My brother, sister and cousin Joanna were supportive from the start. I’d send them chapter drafts and they’d correct details, give me feedback. My sister, brother and I became much, much closer through this process. A lot of these stories remained quite painful for my mother, who was quite frail, and so I tried not to pry. But my father and I traded emails throughout. He provided a lot of anecdotes, but none directly related to bipolar. I kept emphasizing the book’s subject was our family’s struggle, and by the end he fell silent. I know it caused him anxiety, and I’m sorry for that. But when the book finally appeared, both my parents were quite proud – clipping articles, buying copies. Still, when I assured my mom that she didn’t have to read it she seemed relieved. And my dad? The book’s kicking around his apartment; I’ve seen it. I don’t know if he’s read it, but if he has and doesn’t want to engage, that’s fine. I understand.

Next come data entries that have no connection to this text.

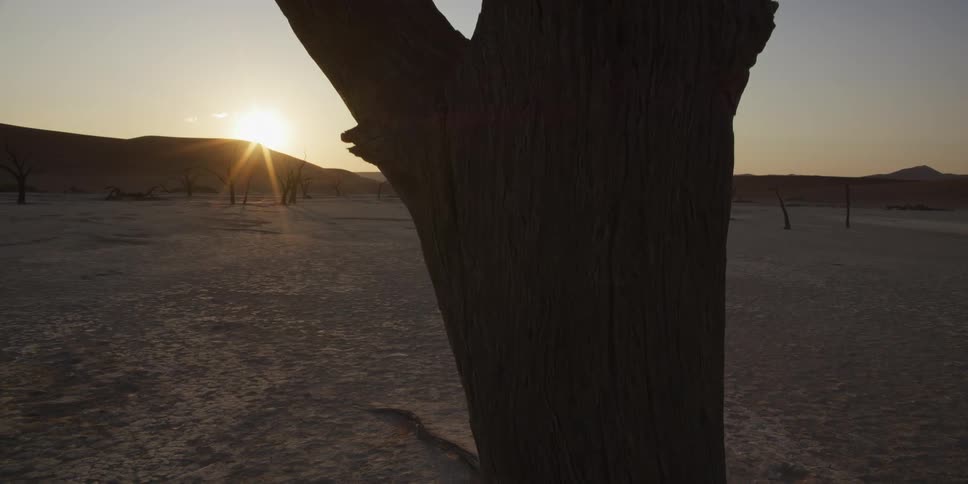 A slow reveal from behind a silhouetted dead tree shows the sun rising over the desolate, cracked earth of Deadvlei, Namibia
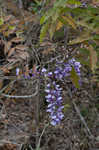 Japanese wisteria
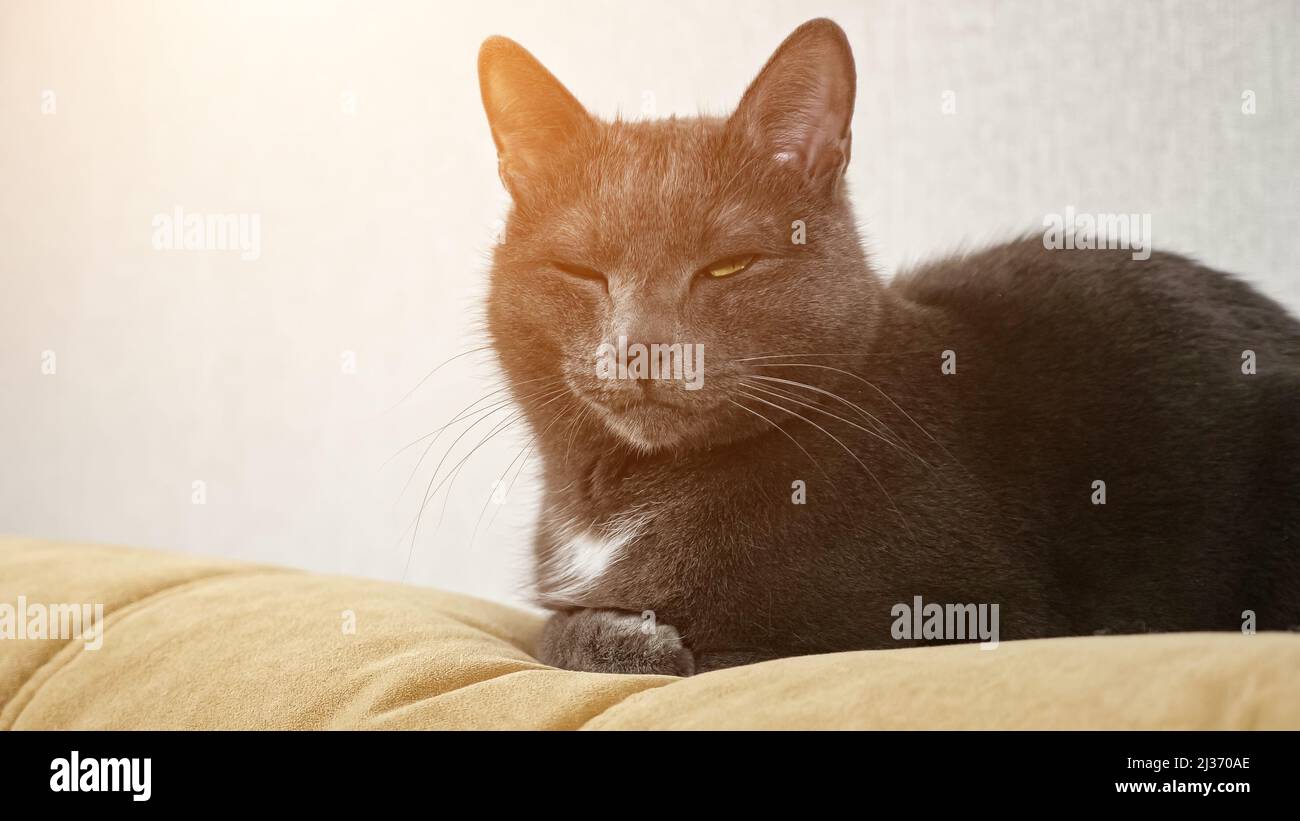 Domestic grey fluffy cat sitting on sofa in room Stock Photo - Alamy
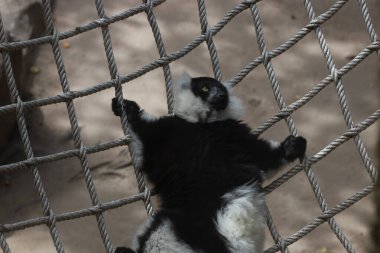Siyah-beyaz yakutlu lemurun örülmüş ağda dinlenirken komik duruşu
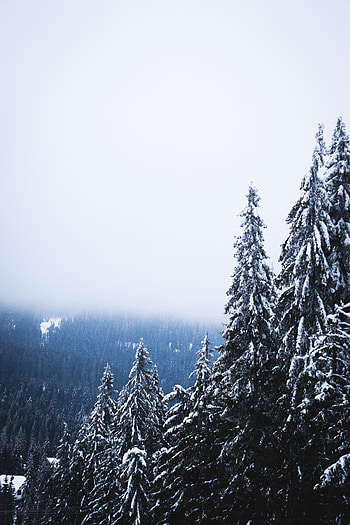 Nature, Trees, Pine, Snow, Forest, Fog HD phone wallpaper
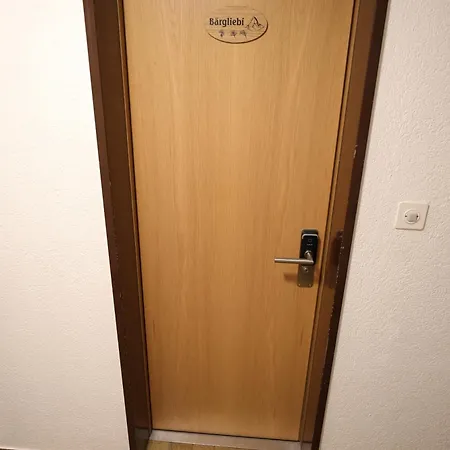 Bergliebe -neu&modern Inspiring Places Apartment Zermatt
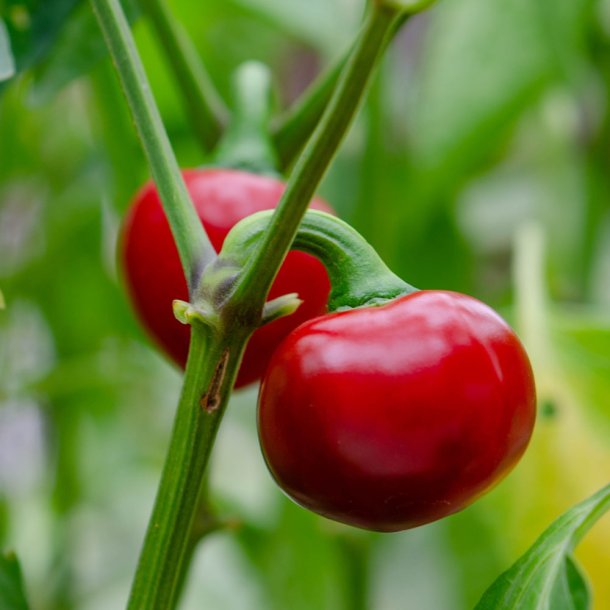 Chili fr�. Ciliegia piccante. Capsicum annuum. Ca. 10 Fr�.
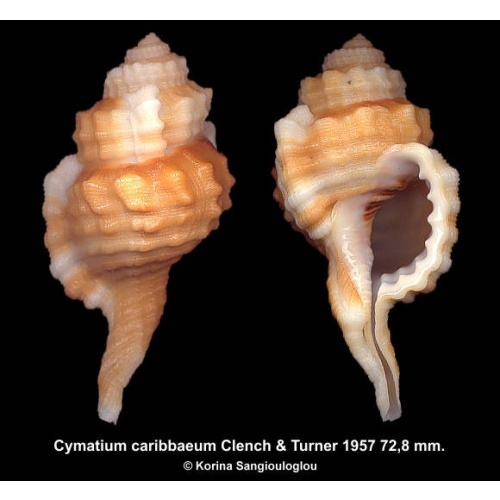 Cymatium caribbaeum Gorgeous Large Orange!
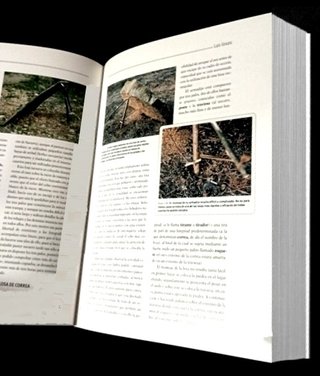 CAZA. EL TRAMPEO Y DEMAS ARTES DE CAZA TRADICIONAL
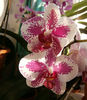 Phalaenopsis Pirate Prince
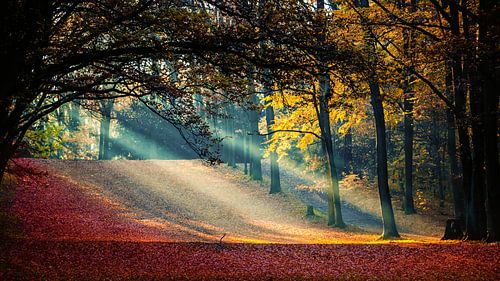 Sonnenstrahlen im Herbst von Holger Debek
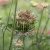 Blomstermorot - Daucus Carota Dara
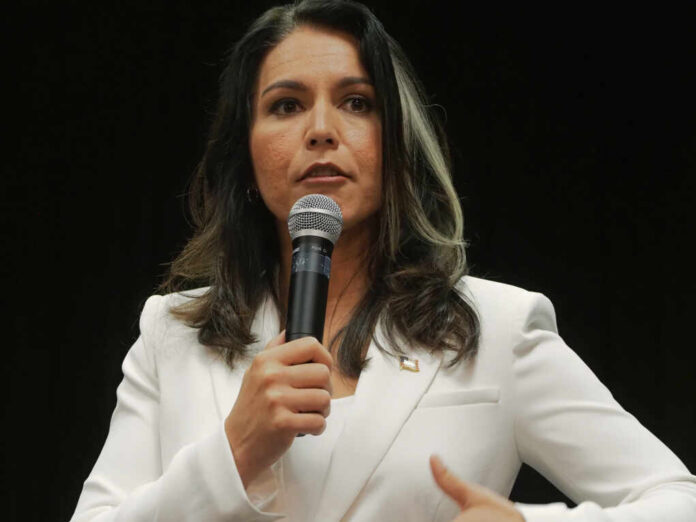 Nashua,,New,Hampshire,/,Usa,-,10/01/2019,:,Tulsi,Gabbard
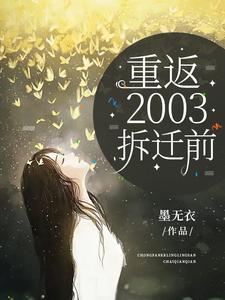 重返2003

Q. Do you have any other books – fiction, nonfiction, or poetry – in the works?
Sure. I’m currently working on “The Prodigal Calls Collect,” a sort of wise ass spiritual memoir about growing up a preacher’s kid. My father and I are having fun going back and forth on this. I’m pulling together a collection of my poems, tentatively entitled “Skimcoat” and plotting a screenplay – a comedy set at the Bookmill, my old bookshop.